It turns out that the test code as shown above was suffering from a race condition between the _harness.InputQueueSendEndpoint.Send operation and some asynchronous (beyond what await on the Send waits for) behavior in the StateMachineSagaTestHarness. As a result, the "Assert" phase of the test code was executing before the saga had been created and allowed to handle the sent message.

Digging into the SagaTestHarness code a bit, I found a few helper methods that I was able to use to wait until certain conditions on the saga are met.

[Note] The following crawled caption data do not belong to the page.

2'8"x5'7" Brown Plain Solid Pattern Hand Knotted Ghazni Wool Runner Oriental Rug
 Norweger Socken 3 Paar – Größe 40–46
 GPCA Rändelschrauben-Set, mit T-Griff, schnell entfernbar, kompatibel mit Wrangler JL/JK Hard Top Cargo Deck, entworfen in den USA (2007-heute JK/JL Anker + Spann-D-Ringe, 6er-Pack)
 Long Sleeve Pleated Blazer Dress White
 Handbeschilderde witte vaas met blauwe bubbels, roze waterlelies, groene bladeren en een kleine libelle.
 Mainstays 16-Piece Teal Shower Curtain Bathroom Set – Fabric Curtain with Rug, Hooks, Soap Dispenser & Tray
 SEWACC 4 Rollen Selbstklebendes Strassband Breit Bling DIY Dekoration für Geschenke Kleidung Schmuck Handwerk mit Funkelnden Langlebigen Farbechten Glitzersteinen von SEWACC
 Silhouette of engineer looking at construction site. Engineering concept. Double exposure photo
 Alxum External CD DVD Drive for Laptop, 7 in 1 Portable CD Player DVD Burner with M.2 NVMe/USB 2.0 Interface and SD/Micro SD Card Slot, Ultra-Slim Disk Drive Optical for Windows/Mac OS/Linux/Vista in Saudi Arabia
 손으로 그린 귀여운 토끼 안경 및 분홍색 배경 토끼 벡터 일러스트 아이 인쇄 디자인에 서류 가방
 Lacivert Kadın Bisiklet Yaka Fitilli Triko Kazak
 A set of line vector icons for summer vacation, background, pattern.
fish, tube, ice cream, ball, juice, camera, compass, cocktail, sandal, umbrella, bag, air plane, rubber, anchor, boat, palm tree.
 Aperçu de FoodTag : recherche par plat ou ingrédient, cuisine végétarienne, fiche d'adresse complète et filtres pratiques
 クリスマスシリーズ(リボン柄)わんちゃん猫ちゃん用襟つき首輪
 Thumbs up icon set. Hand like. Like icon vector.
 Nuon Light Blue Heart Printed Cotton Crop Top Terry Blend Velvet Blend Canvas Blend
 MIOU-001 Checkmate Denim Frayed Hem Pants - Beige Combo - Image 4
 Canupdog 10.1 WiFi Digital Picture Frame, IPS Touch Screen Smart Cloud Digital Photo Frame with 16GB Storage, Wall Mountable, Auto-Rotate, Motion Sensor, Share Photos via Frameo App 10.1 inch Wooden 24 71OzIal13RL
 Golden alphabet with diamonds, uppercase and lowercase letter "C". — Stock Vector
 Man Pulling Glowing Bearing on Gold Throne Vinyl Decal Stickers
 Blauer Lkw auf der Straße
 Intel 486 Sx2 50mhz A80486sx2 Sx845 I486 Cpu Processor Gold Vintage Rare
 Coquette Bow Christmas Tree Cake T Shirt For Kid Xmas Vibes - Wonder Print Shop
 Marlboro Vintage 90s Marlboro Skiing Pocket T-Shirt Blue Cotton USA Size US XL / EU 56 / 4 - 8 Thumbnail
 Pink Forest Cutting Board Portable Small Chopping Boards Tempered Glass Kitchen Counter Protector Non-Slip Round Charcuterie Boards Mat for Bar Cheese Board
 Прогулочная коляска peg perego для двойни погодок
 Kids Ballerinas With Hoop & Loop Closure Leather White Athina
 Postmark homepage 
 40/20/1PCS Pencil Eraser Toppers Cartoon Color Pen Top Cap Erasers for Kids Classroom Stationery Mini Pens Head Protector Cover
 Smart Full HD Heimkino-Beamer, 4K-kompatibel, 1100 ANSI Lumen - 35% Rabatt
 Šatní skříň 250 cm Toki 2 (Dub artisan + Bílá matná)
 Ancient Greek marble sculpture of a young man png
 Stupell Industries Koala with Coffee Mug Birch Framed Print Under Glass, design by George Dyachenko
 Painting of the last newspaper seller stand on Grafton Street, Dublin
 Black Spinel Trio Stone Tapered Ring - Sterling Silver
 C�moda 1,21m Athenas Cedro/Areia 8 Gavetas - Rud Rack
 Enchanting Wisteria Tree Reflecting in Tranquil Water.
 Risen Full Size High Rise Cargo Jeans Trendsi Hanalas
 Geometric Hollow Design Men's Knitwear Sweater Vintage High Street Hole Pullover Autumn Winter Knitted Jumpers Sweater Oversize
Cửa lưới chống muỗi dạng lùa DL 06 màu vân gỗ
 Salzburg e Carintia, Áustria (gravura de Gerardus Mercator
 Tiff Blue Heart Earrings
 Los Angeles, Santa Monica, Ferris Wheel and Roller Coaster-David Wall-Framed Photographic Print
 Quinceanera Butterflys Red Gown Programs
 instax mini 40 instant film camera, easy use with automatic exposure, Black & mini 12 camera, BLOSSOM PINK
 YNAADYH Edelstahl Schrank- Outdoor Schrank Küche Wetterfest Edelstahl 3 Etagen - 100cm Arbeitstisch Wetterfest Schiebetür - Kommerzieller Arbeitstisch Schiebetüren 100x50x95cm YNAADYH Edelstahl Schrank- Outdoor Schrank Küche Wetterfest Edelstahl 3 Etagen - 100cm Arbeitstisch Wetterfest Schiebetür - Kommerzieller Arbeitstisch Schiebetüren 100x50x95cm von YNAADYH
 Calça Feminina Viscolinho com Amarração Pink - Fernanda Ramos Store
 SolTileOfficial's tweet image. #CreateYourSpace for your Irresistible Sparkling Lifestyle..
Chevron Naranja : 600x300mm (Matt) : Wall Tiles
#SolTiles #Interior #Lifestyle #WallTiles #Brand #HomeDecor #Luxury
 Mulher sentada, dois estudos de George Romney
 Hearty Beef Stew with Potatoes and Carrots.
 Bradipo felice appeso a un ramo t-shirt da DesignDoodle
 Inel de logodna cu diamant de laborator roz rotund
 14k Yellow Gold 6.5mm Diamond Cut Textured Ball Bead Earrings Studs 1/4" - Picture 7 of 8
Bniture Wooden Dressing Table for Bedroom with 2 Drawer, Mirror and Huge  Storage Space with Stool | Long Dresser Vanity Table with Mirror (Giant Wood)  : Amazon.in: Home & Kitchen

The methods are:

/// <summary>
/// Waits until a saga exists with the specified correlationId
/// </summary>
/// <param name="sagaId"></param>
/// <param name="timeout"></param>
/// <returns></returns>
public async Task<Guid?> Exists(Guid sagaId, TimeSpan? timeout = null)

/// <summary>
/// Waits until at least one saga exists matching the specified filter
/// </summary>
/// <param name="filter"></param>
/// <param name="timeout"></param>
/// <returns></returns>
public async Task<IList<Guid>> Match(Expression<Func<TSaga, bool>> filter, TimeSpan? timeout = null)

/// <summary>
/// Waits until the saga matching the specified correlationId does NOT exist
/// </summary>
/// <param name="sagaId"></param>
/// <param name="timeout"></param>
/// <returns></returns>
public async Task<Guid?> NotExists(Guid sagaId, TimeSpan? timeout = null)

So I settled on using things like await _saga.Match(s => null != s.RemainingSteps); and such to effectively duplicate my later asserts and wait either until the timeout (default is 30 seconds) or the later-asserted condition has become true (and therefore safe to Assert against).. whichever comes first.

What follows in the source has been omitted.